Sliding Window
A sliding window maintains a contiguous subarray (or substring) that satisfies a constraint, expanding the right pointer and shrinking the left pointer to stay valid in O(n).
Sliding window = a caterpillar inching forward. The head stretches right to eat more, the tail contracts left when the body gets too long. The caterpillar never goes backward.
Two patterns: (1) fixed-size window — move both pointers together (e.g., max sum subarray of size k); (2) variable-size window — expand right greedily, shrink left when constraint violated (e.g., longest substring without repeating characters, minimum window substring). The window state (a hash map, counter, or sum) is maintained incrementally rather than recomputed each time — this is what makes it O(n).
The key invariant: at all times, [left, right] represents a valid window, OR we are in the process of restoring validity by shrinking from left.

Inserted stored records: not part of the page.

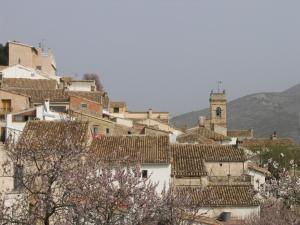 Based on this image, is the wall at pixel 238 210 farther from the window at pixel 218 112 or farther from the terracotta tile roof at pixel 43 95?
the window at pixel 218 112

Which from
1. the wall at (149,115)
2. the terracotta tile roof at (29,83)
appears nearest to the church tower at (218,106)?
the wall at (149,115)

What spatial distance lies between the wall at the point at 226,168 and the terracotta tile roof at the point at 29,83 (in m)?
17.3

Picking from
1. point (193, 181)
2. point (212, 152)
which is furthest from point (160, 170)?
point (212, 152)

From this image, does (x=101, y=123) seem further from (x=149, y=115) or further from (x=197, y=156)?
(x=149, y=115)

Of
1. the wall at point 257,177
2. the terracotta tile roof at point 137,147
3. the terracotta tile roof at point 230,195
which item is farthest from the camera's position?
the wall at point 257,177

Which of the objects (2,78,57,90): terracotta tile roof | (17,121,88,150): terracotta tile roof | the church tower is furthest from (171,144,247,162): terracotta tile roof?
the church tower

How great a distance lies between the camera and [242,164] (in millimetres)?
49469

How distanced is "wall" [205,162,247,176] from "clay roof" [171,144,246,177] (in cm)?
26

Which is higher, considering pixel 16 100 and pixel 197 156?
pixel 16 100

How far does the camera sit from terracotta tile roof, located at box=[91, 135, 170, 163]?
42719 mm

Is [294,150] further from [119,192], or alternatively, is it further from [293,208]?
[119,192]

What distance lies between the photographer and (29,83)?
60.7 metres

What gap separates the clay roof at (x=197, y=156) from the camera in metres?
45.6

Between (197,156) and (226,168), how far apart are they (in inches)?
95.9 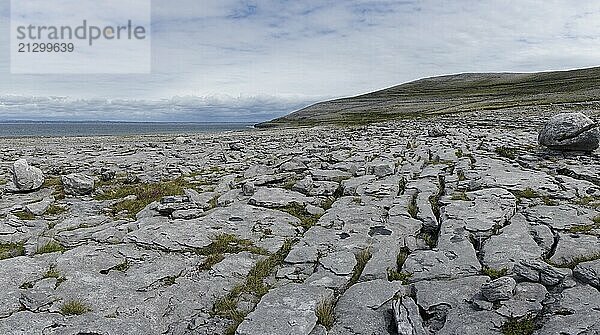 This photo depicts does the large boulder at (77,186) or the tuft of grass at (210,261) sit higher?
the large boulder at (77,186)

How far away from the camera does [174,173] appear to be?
20984mm

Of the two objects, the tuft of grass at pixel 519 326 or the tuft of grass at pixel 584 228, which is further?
the tuft of grass at pixel 584 228

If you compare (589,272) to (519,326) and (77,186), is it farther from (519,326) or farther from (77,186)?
(77,186)

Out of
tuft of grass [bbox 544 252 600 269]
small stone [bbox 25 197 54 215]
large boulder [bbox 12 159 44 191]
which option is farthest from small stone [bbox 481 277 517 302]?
large boulder [bbox 12 159 44 191]

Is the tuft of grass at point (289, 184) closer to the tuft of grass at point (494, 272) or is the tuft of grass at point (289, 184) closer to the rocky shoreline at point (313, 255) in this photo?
the rocky shoreline at point (313, 255)

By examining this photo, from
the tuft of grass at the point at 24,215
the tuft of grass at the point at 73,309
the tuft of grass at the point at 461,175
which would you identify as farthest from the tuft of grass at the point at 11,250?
the tuft of grass at the point at 461,175

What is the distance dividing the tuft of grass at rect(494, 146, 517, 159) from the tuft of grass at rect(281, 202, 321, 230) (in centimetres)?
1197

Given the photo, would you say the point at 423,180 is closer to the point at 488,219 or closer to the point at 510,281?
the point at 488,219

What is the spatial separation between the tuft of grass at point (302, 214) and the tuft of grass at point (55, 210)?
6944 mm

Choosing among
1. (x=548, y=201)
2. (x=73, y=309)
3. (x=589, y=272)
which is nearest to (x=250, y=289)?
(x=73, y=309)

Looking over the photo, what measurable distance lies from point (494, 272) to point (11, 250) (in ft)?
34.7

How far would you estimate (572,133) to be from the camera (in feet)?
64.6

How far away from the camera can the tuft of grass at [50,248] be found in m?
10.2

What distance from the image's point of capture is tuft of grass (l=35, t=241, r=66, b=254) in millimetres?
10250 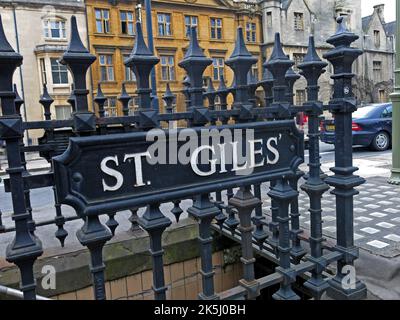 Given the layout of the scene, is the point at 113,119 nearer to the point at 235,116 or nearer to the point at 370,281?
the point at 235,116

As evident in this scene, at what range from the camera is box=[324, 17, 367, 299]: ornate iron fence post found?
2.31 meters

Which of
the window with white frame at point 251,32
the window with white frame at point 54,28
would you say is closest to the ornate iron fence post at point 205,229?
the window with white frame at point 54,28

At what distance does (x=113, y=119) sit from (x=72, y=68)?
0.89ft

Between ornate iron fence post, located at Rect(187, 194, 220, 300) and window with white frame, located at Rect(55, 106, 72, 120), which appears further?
window with white frame, located at Rect(55, 106, 72, 120)

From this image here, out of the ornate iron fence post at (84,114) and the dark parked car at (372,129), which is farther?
the dark parked car at (372,129)

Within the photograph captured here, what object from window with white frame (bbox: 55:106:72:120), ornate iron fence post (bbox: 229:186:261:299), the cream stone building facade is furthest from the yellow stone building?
ornate iron fence post (bbox: 229:186:261:299)

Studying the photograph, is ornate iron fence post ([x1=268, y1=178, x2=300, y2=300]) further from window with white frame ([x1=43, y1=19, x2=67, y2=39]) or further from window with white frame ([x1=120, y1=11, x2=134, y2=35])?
window with white frame ([x1=120, y1=11, x2=134, y2=35])

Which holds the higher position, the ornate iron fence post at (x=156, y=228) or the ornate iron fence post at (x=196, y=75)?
the ornate iron fence post at (x=196, y=75)

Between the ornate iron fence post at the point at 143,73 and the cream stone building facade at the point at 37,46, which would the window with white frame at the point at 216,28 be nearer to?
the cream stone building facade at the point at 37,46

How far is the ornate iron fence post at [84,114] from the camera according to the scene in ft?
4.97

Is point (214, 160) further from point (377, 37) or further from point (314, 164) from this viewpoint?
point (377, 37)

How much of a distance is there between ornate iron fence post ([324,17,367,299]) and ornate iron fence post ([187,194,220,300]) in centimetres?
99

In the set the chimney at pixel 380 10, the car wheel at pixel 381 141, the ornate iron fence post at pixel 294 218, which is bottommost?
the car wheel at pixel 381 141

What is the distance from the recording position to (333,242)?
3473mm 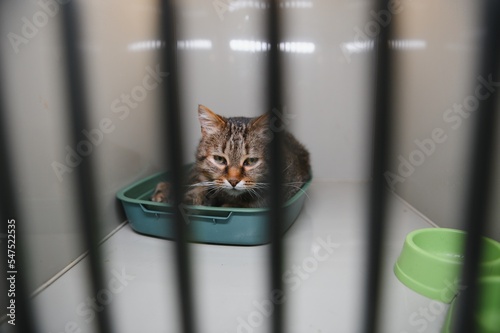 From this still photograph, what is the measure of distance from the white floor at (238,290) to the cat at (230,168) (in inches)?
8.1

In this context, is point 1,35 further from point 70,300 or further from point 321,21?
point 321,21

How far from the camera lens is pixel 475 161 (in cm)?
46

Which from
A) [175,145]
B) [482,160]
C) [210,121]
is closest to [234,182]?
[210,121]

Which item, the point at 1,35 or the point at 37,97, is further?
the point at 37,97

Each element enters the window exactly once (right pointer advances) and leaves exactly once (left pointer advances) — giving O(n) total work. For problems with 'at most K distinct characters', track a frequency map and shrink when distinct count exceeds K. Monotonic deque (sliding window maximum) lets you get the max of the current window in O(1) amortized by maintaining a decreasing deque — O(n) overall.
Sliding window is my default for 'longest/shortest subarray/substring satisfying property X'. The template is: expand right to try to satisfy the constraint, shrink left when it's violated, and update the answer at each valid state. The O(n) argument is that each pointer moves at most n times. The subtle part is maintaining the window state incrementally — for character frequency, I use a hash map and a 'have/need' counter to avoid recomputing each time.
When shrinking the window from the left, you must correctly remove the element leaving the window from your state. Forgetting to decrement a counter or update a sum when left pointer advances is the most common bug. Also: the window boundaries are [left, right] inclusive — be consistent or you'll have off-by-one errors.